Seither ist die romantische Fehlinterpretation populärer als dieser Beitrag zur Chaos-Theorie: Bands, Filme und Essays sind nach ihr benannt, aber das eigentlich Bahnbrechende an dieser epochalen Berechnung wird mit Falsch-Zitaten zugemüllt.

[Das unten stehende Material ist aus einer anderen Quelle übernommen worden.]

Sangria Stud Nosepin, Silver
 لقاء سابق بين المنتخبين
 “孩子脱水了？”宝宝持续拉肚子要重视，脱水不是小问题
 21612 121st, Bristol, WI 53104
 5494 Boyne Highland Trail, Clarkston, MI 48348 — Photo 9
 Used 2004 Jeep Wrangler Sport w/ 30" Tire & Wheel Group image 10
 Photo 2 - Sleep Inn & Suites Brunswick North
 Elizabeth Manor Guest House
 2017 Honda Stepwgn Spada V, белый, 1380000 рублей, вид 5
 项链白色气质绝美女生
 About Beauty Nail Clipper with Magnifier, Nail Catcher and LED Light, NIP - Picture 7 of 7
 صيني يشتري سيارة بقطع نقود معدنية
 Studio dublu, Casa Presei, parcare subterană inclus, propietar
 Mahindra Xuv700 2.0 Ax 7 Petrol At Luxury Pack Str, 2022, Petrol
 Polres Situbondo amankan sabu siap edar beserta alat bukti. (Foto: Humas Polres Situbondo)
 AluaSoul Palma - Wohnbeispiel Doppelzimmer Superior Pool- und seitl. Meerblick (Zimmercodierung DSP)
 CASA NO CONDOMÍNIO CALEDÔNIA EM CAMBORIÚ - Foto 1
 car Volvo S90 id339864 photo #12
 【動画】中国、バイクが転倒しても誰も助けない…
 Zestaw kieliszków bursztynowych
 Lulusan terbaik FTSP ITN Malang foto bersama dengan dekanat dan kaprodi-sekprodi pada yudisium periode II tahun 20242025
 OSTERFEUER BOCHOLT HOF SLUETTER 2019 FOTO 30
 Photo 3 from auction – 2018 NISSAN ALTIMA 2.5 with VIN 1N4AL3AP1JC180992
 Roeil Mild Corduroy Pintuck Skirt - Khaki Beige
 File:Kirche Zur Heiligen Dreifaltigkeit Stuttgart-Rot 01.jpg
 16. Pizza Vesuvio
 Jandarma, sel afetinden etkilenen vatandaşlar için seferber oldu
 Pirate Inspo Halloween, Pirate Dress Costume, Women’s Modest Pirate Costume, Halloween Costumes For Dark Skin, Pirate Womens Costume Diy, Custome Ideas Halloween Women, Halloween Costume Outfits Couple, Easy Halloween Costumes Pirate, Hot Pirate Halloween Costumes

Da ist mir der Schmetterlingseffekt, den die Zweitbeste hier auf der Burg erzielt hat, trotz erster Zweifel schon einleuchtender. Mitten im Regengrau des Frühlings schleppte sie einen eher unscheinbaren Blumentopf auf die Terrasse und stellte ihn dort mitten auf den Tisch.
"Was willst du denn mit dieser hässlichen Pflanze?", erhob ich Einspruch.
"Wirst schon sehen!", gab sie sich kryptisch.
Dass diese Pflanze dann wunderschön zu blühen begann, bekam ich eigentlich nicht mit, weil ich in der Hitze die Terrasse ja tagsüber wochenlang gemieden habe. Aber im Juli fiel mir dann auf, dass wir auf der Piazza noch nie so viele Schmetterlinge hatten, und als dann alle Mauersegler fort waren, begannen die verschiedensten Arten paarweise ganz ungeniert zu tanzen.
"Schau mal Spatzl! So viele Schmetterlinge hatten wir noch nie!"
Souverän konterte sie:"Das macht alles mein Schmetterlingsbusch. Ich hab's dir ja gesagt!"
Jetzt, da ich wieder ganze Tage auf der Terrasse herum fläze, werde ich von den lautlosen Schönheiten umschwirrt, die sich mit ihren Rüsseln an dem noch immer blühenden Busch gütlich tun. Sie haben längst keine Angst mehr vor mir. Deshalb kann ich mich ihnen auf Nasenlänge nähern.
Ein Distelfalter kommt besonders häufig und bleibt auch länger als die anderen. Bei näherer Betrachtung fällt mir auf, dass ihm der halbe rechte Flügel fehlt. Schon Anzeichen des nahenden Todes? Ein genetischer Defekt? Der erfolglose Angriff eines Fress-Feindes? Oder ist er vielleicht nur beim Entpuppen eine wenig fest geklebt? Ich weiß es nicht.
Aber ich bin begeistert, dass er im Flug nichts von seiner Behinderung erkennen lässt.
Ein Airbus kann ja angeblich auch noch mit einem Triebwerk den Atlantik überqueren, aber mit so einem Schaden am Flügel würde jedes von Menschen geschaffene Fluggerät abstürzen. Dieser Distelfalter braucht einfach nur die Frequenz zu erhöhen und tankt deshalb wohl mehr Nektar.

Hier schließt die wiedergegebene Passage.